### WHAT IS BEING ASKED
Between the line containing "Robert F. Kennedy" and the line containing "Armed cops and" lies a run of lines; give that run again exactly, with both of those lines, and nothing else from the entries below.

### DATA SHOWN
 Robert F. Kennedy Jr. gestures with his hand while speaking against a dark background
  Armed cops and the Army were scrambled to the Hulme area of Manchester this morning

---

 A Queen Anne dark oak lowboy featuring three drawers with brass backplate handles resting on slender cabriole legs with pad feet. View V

--

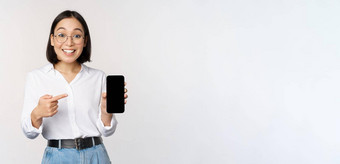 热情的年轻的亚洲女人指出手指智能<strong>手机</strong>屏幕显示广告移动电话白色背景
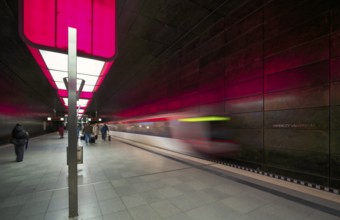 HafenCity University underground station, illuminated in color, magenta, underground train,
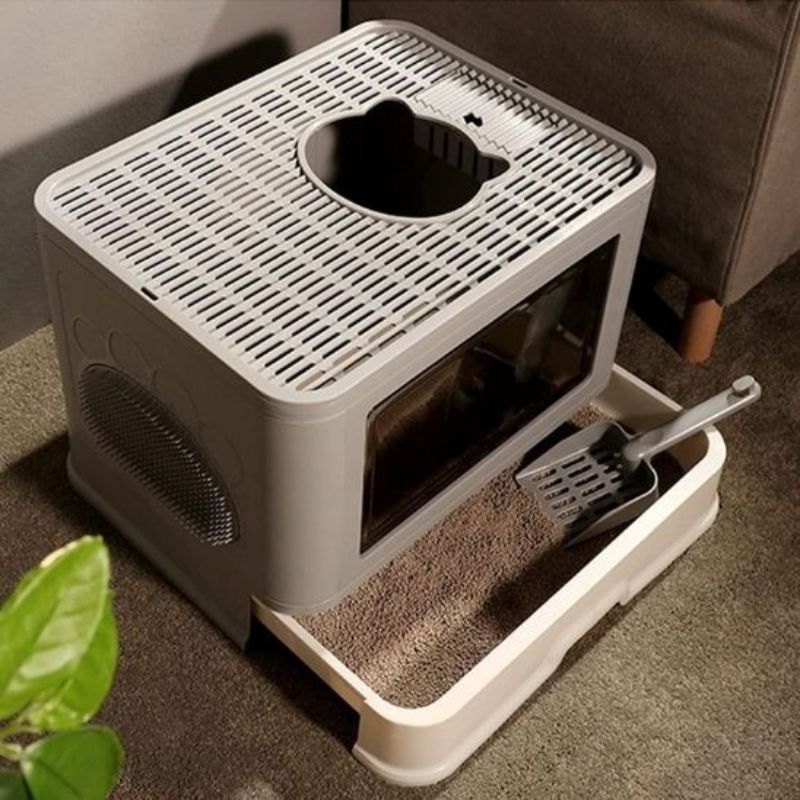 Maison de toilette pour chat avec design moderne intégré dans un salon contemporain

### RESPONSE AREA
 Robert F. Kennedy Jr. gestures with his hand while speaking against a dark background
  Armed cops and the Army were scrambled to the Hulme area of Manchester this morning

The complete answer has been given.